Seeing the Uffington White Horse on the cover of these compilations of British “alternative electronic music” from 1992 to 1996 absolutely floored me. I was already excited to see the name of the compiler Ed Cartwright, a former influential PR, who now manages the likes of Seth Troxler and Hercules & Love Affair: this is someone who’s managed to keep their critical faculties and enthusiasm intact even in the upper echelons of the dance music world, not someone who makes obvious choices. And this was my music, the soundtrack to finding my cultural feet in my late teens and early 20s. But then I saw the artwork and truly reeled.
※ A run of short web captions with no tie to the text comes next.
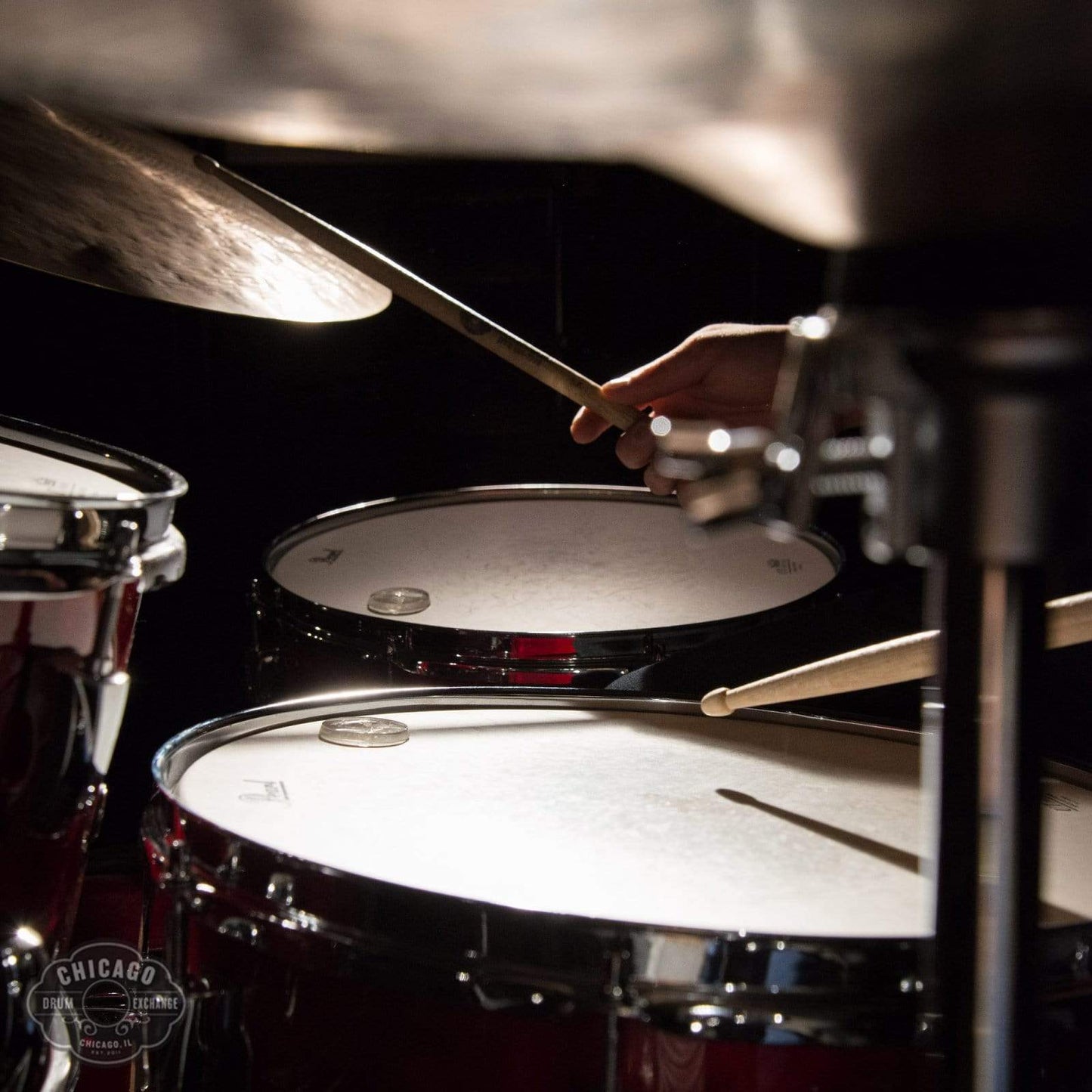 Drumdots Drum Dampeners 4 Pack Drums and Percussion / Parts and Accessories / Drum Parts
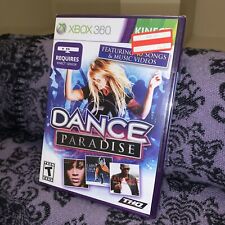 Dance Paradise (Microsoft Xbox 360, 2011) Kinect Brand New Sealed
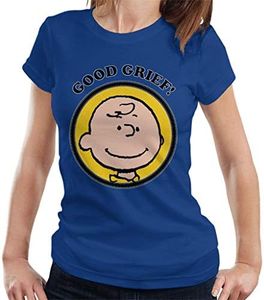 Peanuts Charlie Brown Good Grief Women's T-Shirt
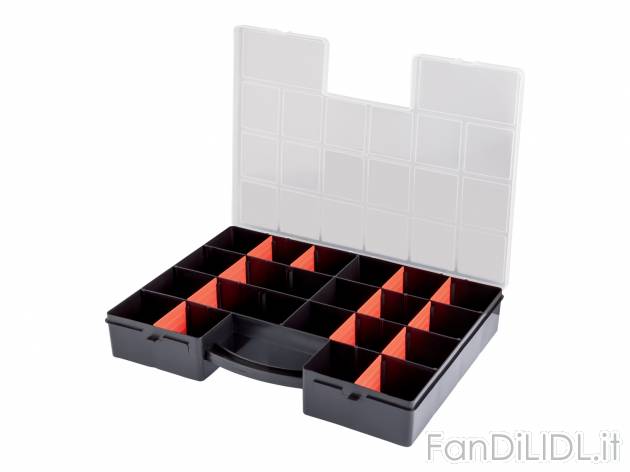 Valigetta portaminuteria Parkside, prezzo 3.99 &#8364; 
- 35,5 x 25,5 x 5,5 ...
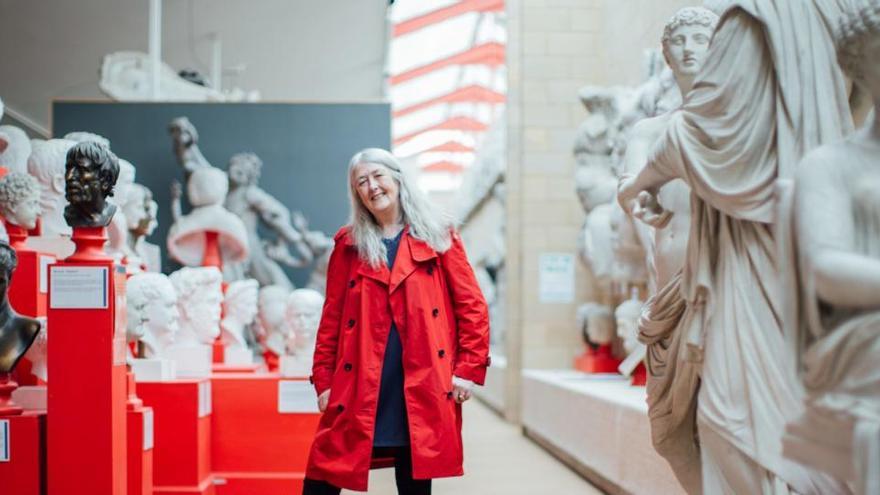 La historiadora Mary Beard |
Thing is, I grew up in The Vale Of The White Horse, bang in the middle of Middle England, in the southern corner of Oxfordshire, bordering Wiltshire, looked over by what older residents still called the Berkshire Downs. A bunch of my schoolmates lived in villages literally in the shadow of White Horse Hill, and the weird glyph-like horse was the emblem for our district council, so visible not just in the flesh from miles around, but printed on stationery and signs just about everywhere in everyday life. And we spent a lot of time up on that hill, in Transit vans or parents’ borrowed Peugot 205s, drinking, smoking, eating mushrooms, looking out for UFOs and listening to tapes of this music – in fact to may of the exact tracks that are collected here.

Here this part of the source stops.